Just over a year ago, Mark Zuckerberg shockingly bet his company’s future on virtual worlds by renaming it Meta, but according to recent sources, the Facebook boss appears to be getting tired of it. Names related to the Metaverse.
Eighteen months ago, Mark Zuckerberg bet the future of Facebook on the Metaverse, even renaming the company Meta. However, Facebook’s boss is obsessed with another technology: AI (artificial intelligence).
Business Insider quoted Meta CTO Andrew Bosworth as saying earlier this month that Zuckerberg and the company’s other top executives are currently spending most of their time on artificial intelligence.
The company also just announced plans to exclusively commercialize AI in December — a move to join a game in which giants like Google and OpenAI are pouring their hearts.
News of Zuckerberg’s fascination with artificial intelligence has some analysts nervous. Analysts at investment bank Bernstein offered a less optimistic forecast after meeting with tech investors.
“Keeping a close eye on Zuckerberg’s new love for all things AI,” they wrote in a research email, “looks like the ‘effective year’ (Zuckerberg’s proposed cost-cutting plan) is just around the corner. In the end, Meta will likely change the company name to MetAI (our best guess).
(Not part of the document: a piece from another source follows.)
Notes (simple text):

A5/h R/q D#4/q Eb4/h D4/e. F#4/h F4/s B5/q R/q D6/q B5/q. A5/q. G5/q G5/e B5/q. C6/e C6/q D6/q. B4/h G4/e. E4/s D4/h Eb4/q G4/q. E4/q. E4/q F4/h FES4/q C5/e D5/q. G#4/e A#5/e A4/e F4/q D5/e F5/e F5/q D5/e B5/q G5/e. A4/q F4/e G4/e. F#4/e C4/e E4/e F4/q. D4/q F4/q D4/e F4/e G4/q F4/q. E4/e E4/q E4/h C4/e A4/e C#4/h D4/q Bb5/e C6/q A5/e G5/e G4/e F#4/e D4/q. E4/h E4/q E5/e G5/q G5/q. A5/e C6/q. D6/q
Meta confirmed 2023 would be an effective year, with a series of “austerity” policies and job cuts in place. But Zuckerberg will have to spend a lot of money to catch up with OpenAI, Microsoft and Google in AI.
According to sources, the company purchased a large number of Nvidia chips for training next-generation artificial intelligence models, each costing about $10,000.
AI industry executive Emad Mostaque tweeted Friday that the Meta AI research team trained a new AI over five months using 2,048 Nvidia A100 chips.
Nvidia’s stock price has more than doubled since Meta announced it would increase its investment in AI, while the company’s shares are up about 54%. Mark Zuckerberg’s company reports quarterly results on April 26, and Wall Street will be closely watching the company’s spending and investment plans.